Buster nodded. “I’ma be working on the pipeline, making some long green.”

“It’s gonna be cold up there.”

“That’s cool, ’cause money’s got all kinds of friends. Heat is one of ’em.”

I highly recommend Ain’t Gonna Be the Same Fool Twice, but you must read Coffee Will Make You Black first.



  1. Just from the bits you’ve shared, I can see that Sinclair writes well, and that the dialogue is strong. It sounds as though this raises some important issues of identity, too, that go beyond race. Interesting commentary on how humans like to put things and people into categories…
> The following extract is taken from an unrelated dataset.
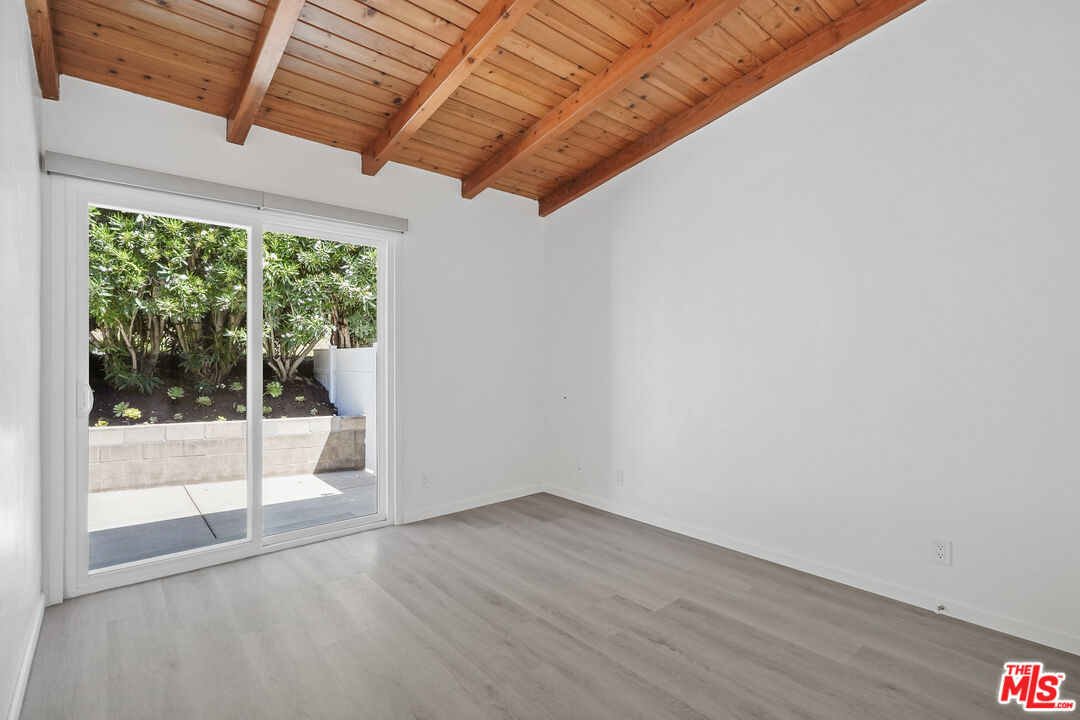 31259 Bailard Road Malibu, CA 90265 - Photo 20 of 41 a view of a room with wooden floor and large windows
    • I thought I remember reading that we like to categorize things because it helps our brains identify and sort out what we see faster. It’s a weird survival sort of thing that isn’t useful when we’re not living in the woods and hunting for berries.

      Liked by 1 person

  2. This reminds me of a few books I read in the 70s myself, like Rubyfruit Jungle by Rita Mae Brown, similar but from a white perspective. So it might be interesting to read this one, for the flip side.


    • Definitely! For some reason, in the past year I keep landing on books from the 1970s, which was a decade I didn’t know much about. I feel like what’s happening in the 70s in the books I read is what I always thought was happening in the 1960s.
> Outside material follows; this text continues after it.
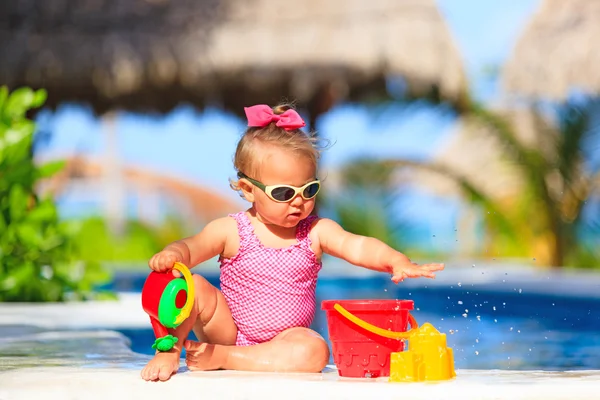 Gadis kecil bermain di kolam renang di pantai tropis — Stok Foto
      • You are so right! I think the Sixties only happened in London and San Francisco, and maybe Paris – I don’t think they arrived anywhere else until the Seventies. There are places in Scotland that are still waiting… 😉


  3. I didn’t realize that some famous authors avoid dialogue, but that makes sense because it is hard to pull off.
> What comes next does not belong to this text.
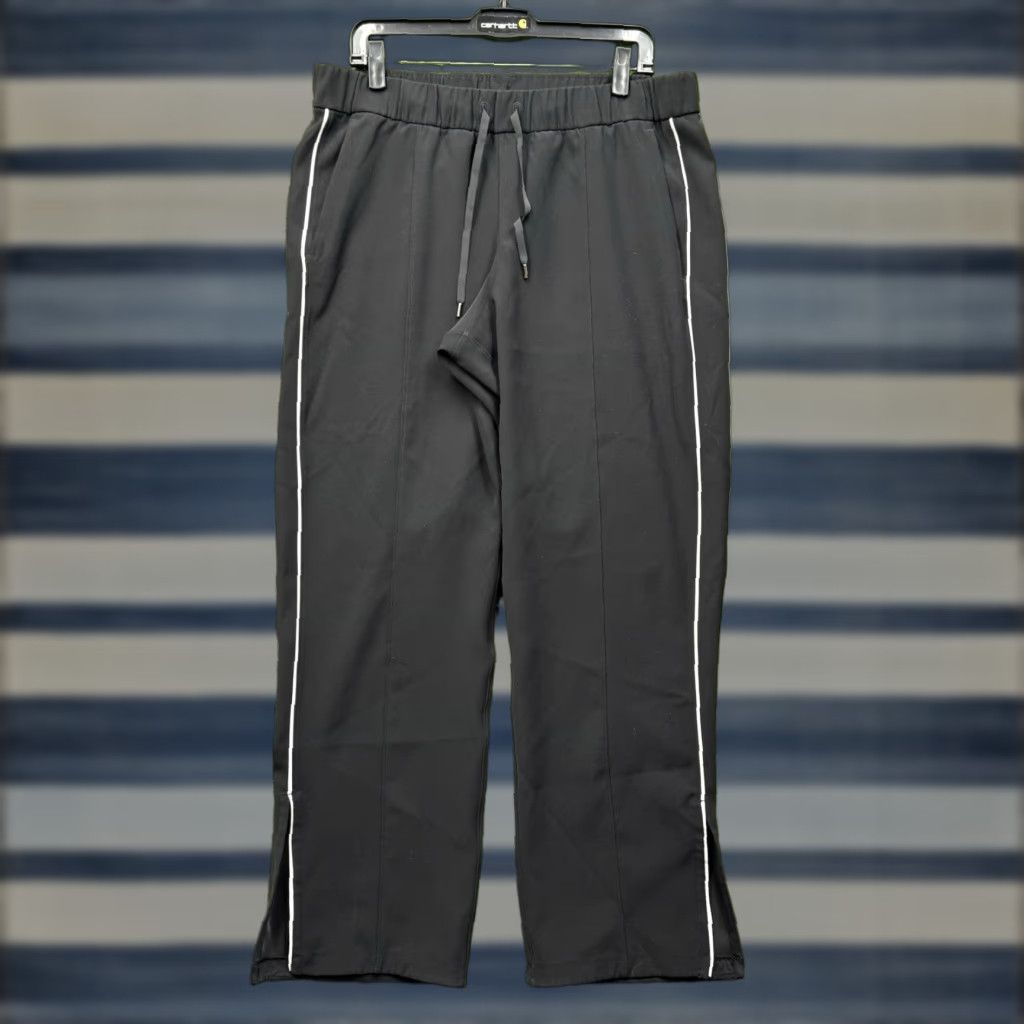 Lululemon Lululemon Track Pants Womens 12 Black On The Right Split Hem Relaxed Fit Gym Size 34" / US 12 / IT 48 - 1 Thumbnail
    I really like the sound of this book because it crystallizes a few things about race for me-one of them being that people of minority groups struggle to be individuals because people see their actions as ‘speaking for everyone’ in that group, which I could imagine is incredibly frustrating.


    • It’s funny that I read a book by Zora Neale Hurston right around the same time as I read April Sinclair because Hurston was ostracized and criticized for saying she is an individual. Her expression to sum it up was “my skin folks, not my kin folks.”

      Liked by 1 person

  4. Sounds like you found a book with great dialogue! Wonderful! This one does sound a bit funny. Is the first one (Coffee Will Make You Black) as funny? I really like the cover art of the books – those girls look like they’re having fun and the covers have a sense of whimsy to them.


  5. Us guys at the end of the sixties and beginning of the seventies had trouble with women who were feminists first and socialists second. And we would have had the same attitude with colour, except we were all white. The Revolution was going to fix everything! Right?


  6. These do sound a little racy, so perhaps not books I would read! However, I do like the excerpt you chose. Sinclair seems to have great control over her writing. She says so much in that small piece of dialogue!


  7. The discussion about bisexuality reminds me of the conversation I had with my son not long ago about the girls in his class. He says that the girls are vocal about their sexual orientations, which surprised me a little because they are only in grade 9. I would have thought some of them would still be working that out, or feeling private about it. But the good thing is… it seems to be no big deal (including the girl who said she was bi). So we might be heading in the right direction – yay!
    An interesting thing about it, though, is that the boys don’t seem to join in. I don’t know if it’s because they’re just a little behind at that stage, or if it’s something else?


    • I wonder if they’re bisexual that they feel not masculine AND not gay, so it doesn’t fit, whereas people seem to think bisexual girls are just down to get down. When we’re talking about sexuality, I’m really puzzled as to why everyone jumps right to thinking about sex. In a lot of cases, maybe especially in high school, it’s about having a crush, just like everyone else. I’m glad high school kids are talking about sexuality–I remember them very much talking about it–but I also hope that the kids realize it can be a journey. Some people decide they’re not lesbian, they bi, or they’re not bi, they’re asexual, etc.